El Palacio de Bellas Artes es otro de los puntos de referencia de esta zona centro de la ciudad en la que, para nuestra sorpresa, las bicis poco a poco se atreven a plantar cara a los omnipresentes coches.

No estamos demasiado lejos –en estos paseos en los que se agradece el tamaño y peso moderado de la cámara- del mercado de San Juan, uno de los más visitados de la ciudad. Un mercado de los de toda la vida en los que la única concesión al turista es un puesto de insectos que congrega a los que no estamos acostumbrados a ver diferentes tipos de chapulines, alacranes y alguna otra delicia.

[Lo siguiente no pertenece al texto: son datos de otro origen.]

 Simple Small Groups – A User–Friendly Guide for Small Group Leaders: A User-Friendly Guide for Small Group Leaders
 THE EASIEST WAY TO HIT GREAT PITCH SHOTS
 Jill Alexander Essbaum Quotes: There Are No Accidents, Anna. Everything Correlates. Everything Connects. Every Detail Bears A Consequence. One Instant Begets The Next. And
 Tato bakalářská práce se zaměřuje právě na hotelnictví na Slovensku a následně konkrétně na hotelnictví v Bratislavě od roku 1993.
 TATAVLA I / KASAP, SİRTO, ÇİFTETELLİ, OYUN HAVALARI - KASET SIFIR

Nos atrevamos o no con los insectos, si hay algo fácil en Ciudad de México –en todo el país, en realidad- es comer bien. Cada calle está repleta de puestos en los que comprobar que eso de la street food en versión hípster y refinada que está tan de moda en España es poco más que un chiste. A todas horas y en cualquier rincón hay gente cocinando y comiendo en puestos callejeros.

¿Unos tacos? De los de verdad, no de los tex-mex que decía Trump. A la mañana siguiente –todavía no hemos cargado la batería y sin problema- nos acercamos al barrio de La Condesa. Es temprano, pero en las tortillerías ya hay colas, y en los locales más modernos prometen un buen café de especialidad.

Pasamos de largo del mercado de Medellín camino de Hola, una taquería que con más de una veintena de guisos demuestra que, en realidad, todo es taqueable. Aunque el angular va en la mochila, el 24 milímetros es suficiente para hacer las fotos en el pequeño local mientras probamos algunos de los tacos. Eso nos deja sólo una mano libre. Bendito estabilizador doble: en el cuerpo de la cámara y en el zoom.

Saltamos hasta el sur de la ciudad, a Coyoacan, una de las zonas imprescindibles de la ciudad. El museo de Frida Kahlo nos recibe con una cola considerable y un cartel que obliga a pagar más si se quiere entrar con cámara. Menos mal que hemos dicho que nada de museos esta vez, pensamos mientras nos alejamos de la casa Azul camino del mercado del barrio.

Aquí no hay problema para las fotos, así que desenfundamos el 9-18 milímetros. Los grandes angulares no son sólo para paisaje y un mercado, con sus puestos de carnitas, máscaras de lucha, piñatas con la forma del clásico burrito o de Donald Trump, y velas, hierbas y santos de todo tipo, resulta un escenario excelente para moverse con esta cámara.

Sentados frente a la fuente de los Coyotes, revisamos las fotos y, gracias a la conexión Wi-Fi de la cámara y al gratuito que se puede encontrar en muchos parques públicos, las compartimos en redes desde el móvil.

No nos hemos ido y ya queremos volver, pensamos al ver la hora y comprobar que dentro de poco tocará hacer la maleta y volver al aeropuerto. Pero todavía queda un rato para callejear y apurar las últimas fotos.